Dopo le consuete ovvie premesse (il voto locale “amministrativo” non sempre coincide con il voto nazionale “politico”; i veri vincitori sono gli “astensionisti”; le alleanze o liste civiche sono aggregazioni occasionali e di comodo; gli elettori dei gruppi della sinistra estrema si sono astenuti; … ecc, ecc…) si può dire che i Cinquestelle hanno perso al primo turno, il PD ha perso al secondo turno e la Destra unita ha vinto in quanto ritorno all’usato sicuro. Detto in termini più generali: i Cinquestelle non hanno basi né background locale, il PD ha perso credibilità sia per i candidati che per i suoi conflitti (interni ed esterni) e la Destra torna ad acchiappare consensi grazie ai delusi dai Cinquestelle.
Ora l’elettore di sinistra aspetta le valutazioni del suo segretario nazionale. Renzi è stato eletto a grande maggioranza con le primarie di un legittimo congresso e, quindi, il suo ruolo di leader del partito non si discute. Sino ad oggi abbiamo apprezzato le riforme e perdonato gli errori del suo governo; abbiamo sostenuto fino all’ultimo una riforma costituzionale tanto giusta, quanto falsata dalla autoreferenzialità del suo proponente; abbiamo appoggiato con convinzione il lavoro (a tempo determinato) di Gentiloni; abbiamo sofferto, ma considerato inevitabile, la fuoriuscita dei vecchi protagonisti il cui contribuito politico si era esaurito; ma ora è il tempo di cambiare.
A proposito della sconfitta elettorale di questi giorni, qualcuno ha scritto che anche le liste con alleanze di sinistra hanno perso. In realtà erano poche e contavano poco, perchè erano locali e frettolosamente costruite solo per prendere voti. Se Renzi è quella persona nuova e forte che ha saputo costruire con il 41% dei consensi la vittoria elettorale – “politica” – alle elezioni europee del 2014, se quel fiume di parole che spende per accreditarsi agli elettori è sincero, se insomma crede nel PD ed è capace di rinunciare al proprio narcisismo e a qualcuno dei suoi fedelissimi, si limiti a guidare con energia e determinazione il partito.
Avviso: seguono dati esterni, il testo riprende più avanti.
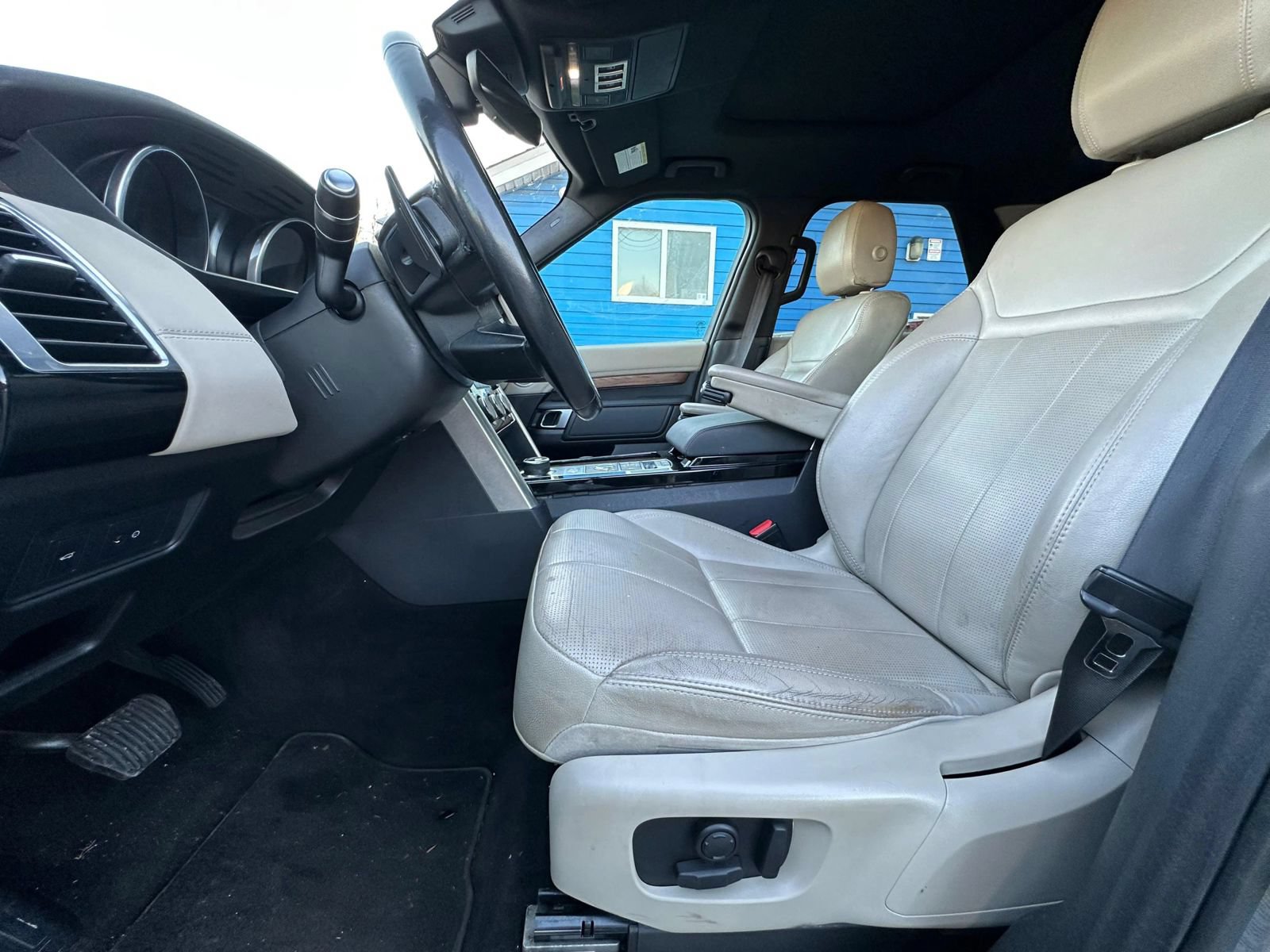 Used 2017 Land Rover Discovery HSE AWD/4WD image 34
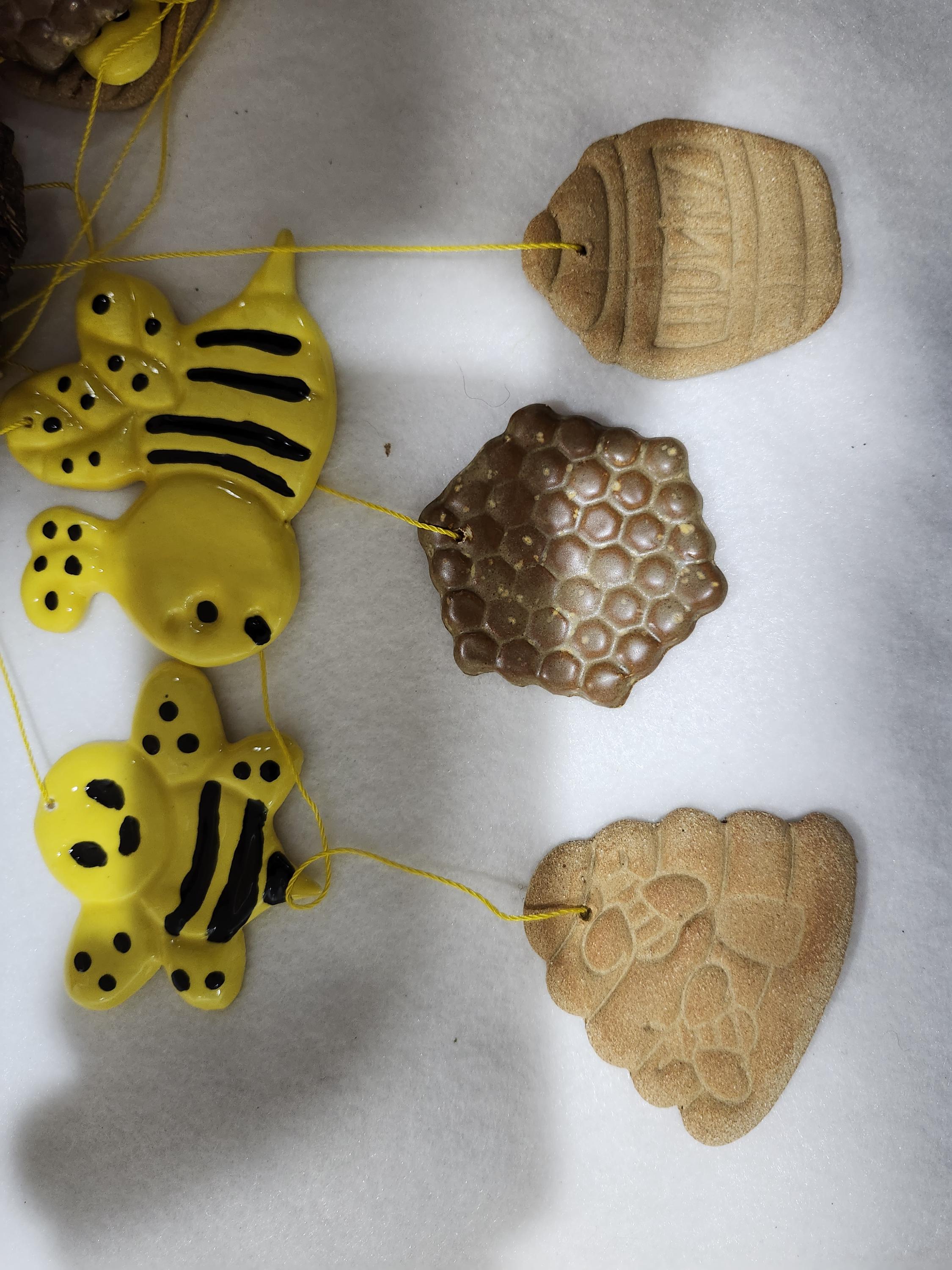 Enchanting Bee & Honey Pot Wind Chime: Handcrafted Garden Decor
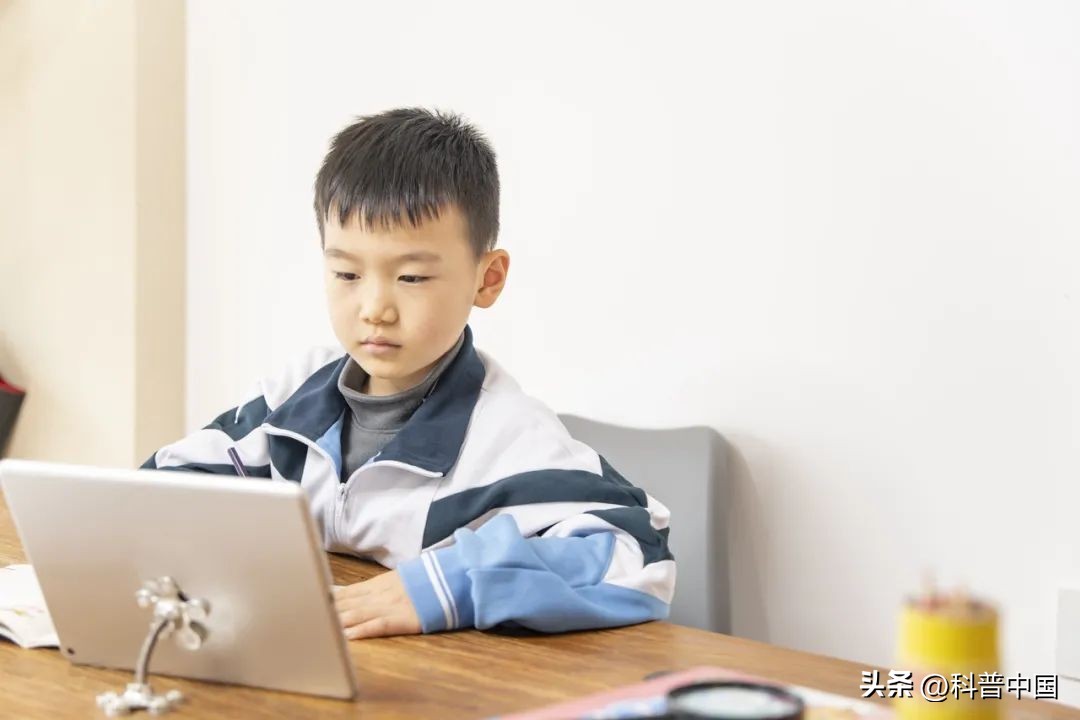 居家上网课期间保护眼睛的小妙招,儿童居家如何防治近视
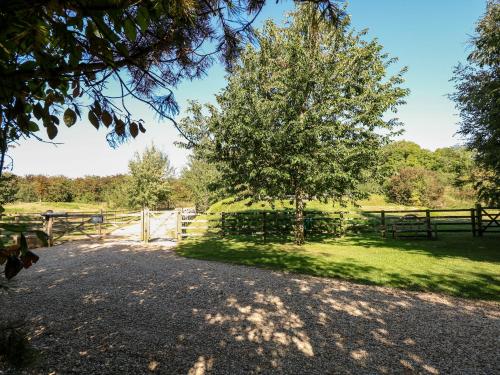 Hambleton Oakham - image 14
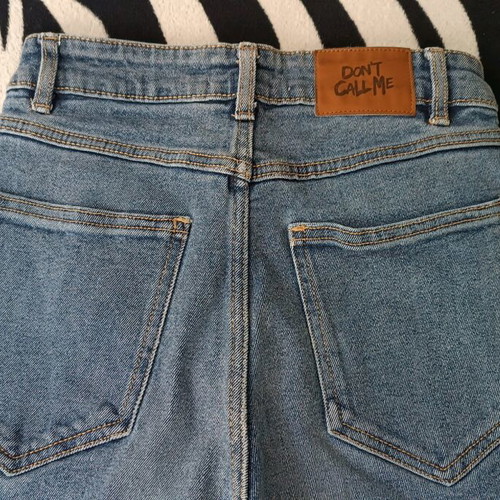 Don't Call Me Jennyfer straight jeans like new, blue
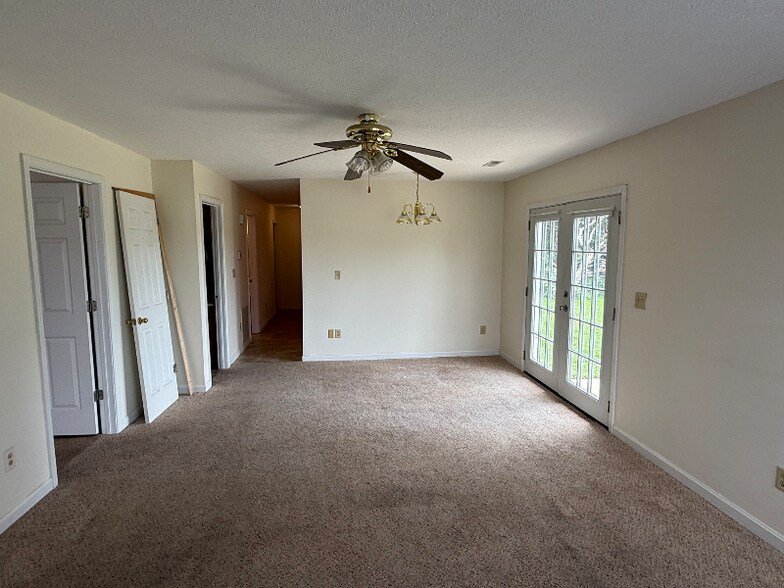 Building Photo - 746 Palmetto Loop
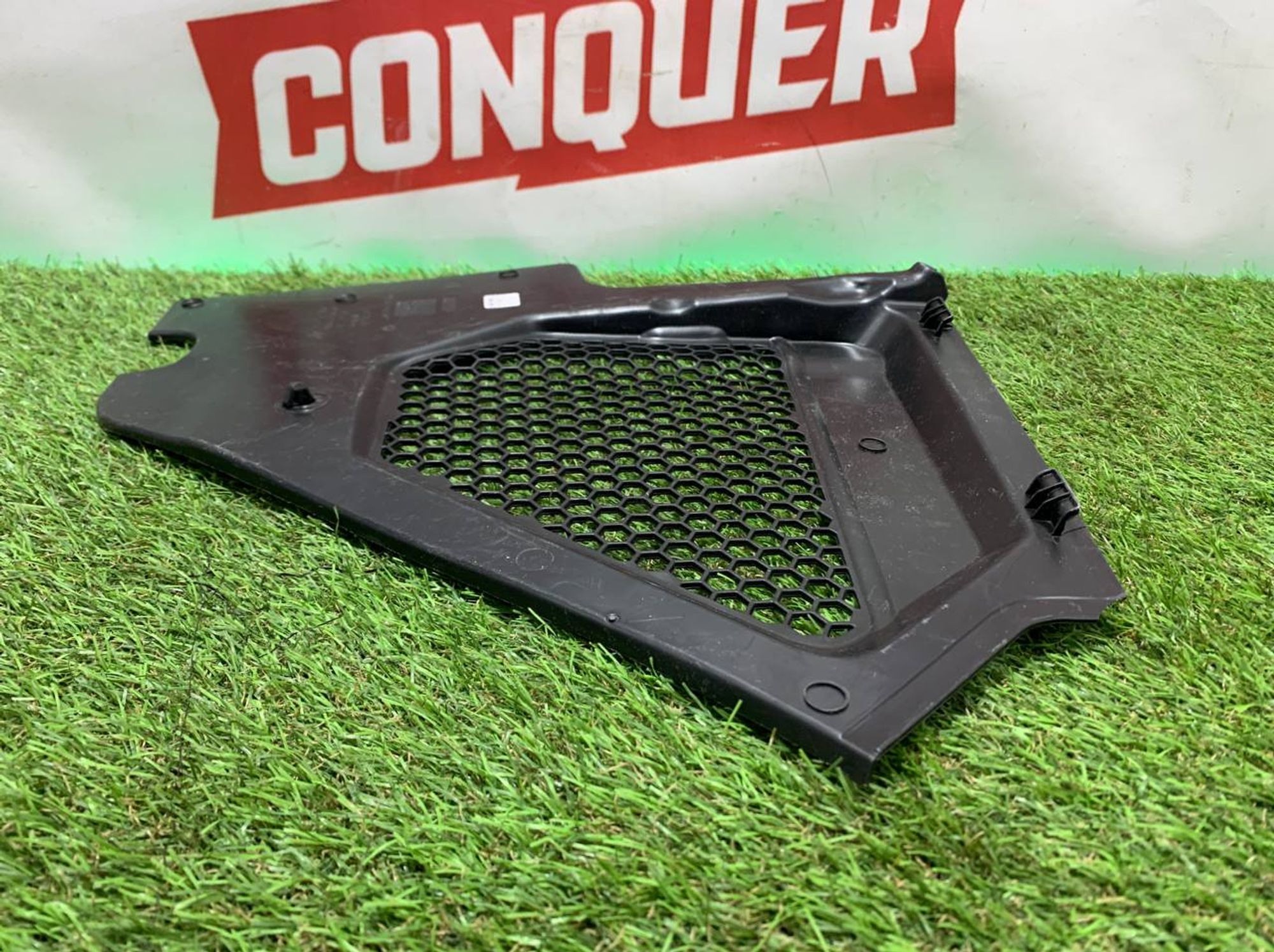 https://ycs.partsauto.market/partsauto-images/thmbs/h353NjtZg3VDP19b5HMt7LlpbQ93/8075582d49e168b75770d5229ec53ed4/ca644215b0b38723d7616d261f0170f8.jpg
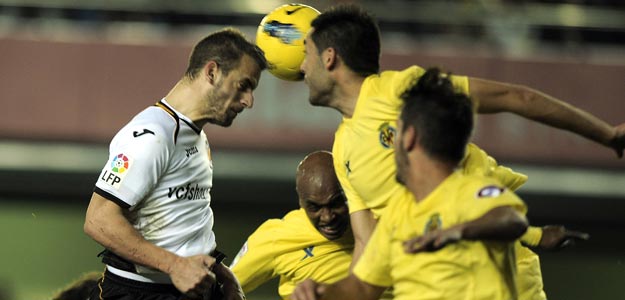 Soldado trata de rematar de cabeza para el Valencia ante la oposici&oacute;n de jugadores del Villarreal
Ne ascolti le voci sempre più numerose che lo invitano a costruire un reale programma politico con le altre forze della sinistra, superi l’istinto di rappresaglia verso i fuoriusciti, sfidi la sinistra più estrema – anche quella ideologica e arcaica – sulle proposte di riforma, accetti infine una divisione dei ruoli, valutando collegialmente, anche con alleati esterni, altre figure di candidato premier.
Così facendo – e solo così facendo – chi non vuole un reale nuovo centrosinistra riformista e di governo, ma solo prestigio personale o spazio per due o tre rappresentanti parlamentari, uscirà alla scoperto e sarà sconfitto.